Из палаты вышел молодой врач, невысокий и коренастый, и подошел к ним.
– Что это вы, мама, такие потоки льете! – с упреком сказал доктор Августе Стефановне. – У девочки легкое сотрясение… Могло быть и хуже.
– Я и говорю… – подхватила было Наталья, но доктор тут же переключился на нее:
– Скажите, а почему этим делом милиция занялась? Ведь инспектор ГИБДД все описал в рапорте. Водители автобуса и легковушки не виноваты, он мне сам говорил. Я ведь как раз дежурил, когда эту девочку привезли. Инспектор рассказывал, что она сама выскочила из-за автобуса наперерез «Москвичу», но отшатнулась от него, оступилась – и упала, ударившись головой о борт автобуса, а потом об асфальт. Так или не так?

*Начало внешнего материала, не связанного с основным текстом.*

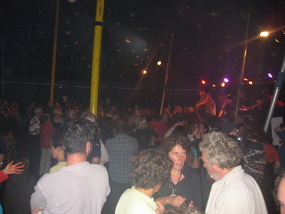 FEST NOZ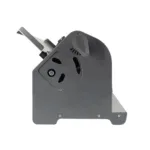 SOBADORA ELECTRICA ANTIADHERENTE 390MM - Imagen 2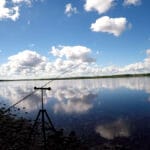 Як ловити рибу на фідер у спеку: переналаштування снасті за відсутності клювання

– Так-то оно так… – уклончиво ответила Наталья и мысленно выругала себя за то, что ринулась в больницу, так и не узнав, что говорится об этом происшествии в сводке ГАИ.
– Но куда она так бежала, боже мой, куда?! – сквозь рыдания выговорила Августа Стефановна.
– Ну мало ли, может, подружку увидела и пустилась догонять, – предположила Наталья.
Врач нахмурился.
– Будь вы повнимательнее, девушка, – обратился он к Наталье, которая была как минимум лет на семь старше его, – вы бы обратили внимание, что состояние у больной крайне подавленное. Сотрясение-то у нее, прямо скажем, не тяжелое, средней тяжести, точнее говоря, но оно усугублено моральным кризисом.
– А что вы конкретно имеете в виду? – спросила Наталья.
– Да плачет она все время и никого не хочет видеть и слышать, даже меня! – неразборчиво выкрикнула Августа Стефановна.
– Но все-таки сотрясение… хоть и средней тяжести… – заикнулась Наталья.
– Да у нее будто не сотрясение, а потрясение! – всхлипнула Августа Стефановна.
– Нет, мама, так нельзя, – сердито сказал врач. – Вы мне скоро всех потрясете таким образом. Пойдите-ка вон в садик, подышите и успокойтесь. Давайте, давайте…
Его звала медсестра, нетерпеливо окликая: «Валерий Петрович, Валерий Петрович!», но он не отстал, пока буквально не выпроводил обеих женщин из отделения.
Они прошли пахнущий едой и лекарствами тамбур и оказались в садике. Здесь гуляли больные и с сонным любопытством поглядывали на женщин. Слезы тут никого не удивляли, другое дело – новые люди.
Наталья повела было Августу Стефановну пройтись, но та заупрямилась и села на лавочку под могучим ясенем так, чтобы видеть окошко первого этажа, на котором был наклеен листок с цифрой 7 – номером палаты, в которой лежала Люда.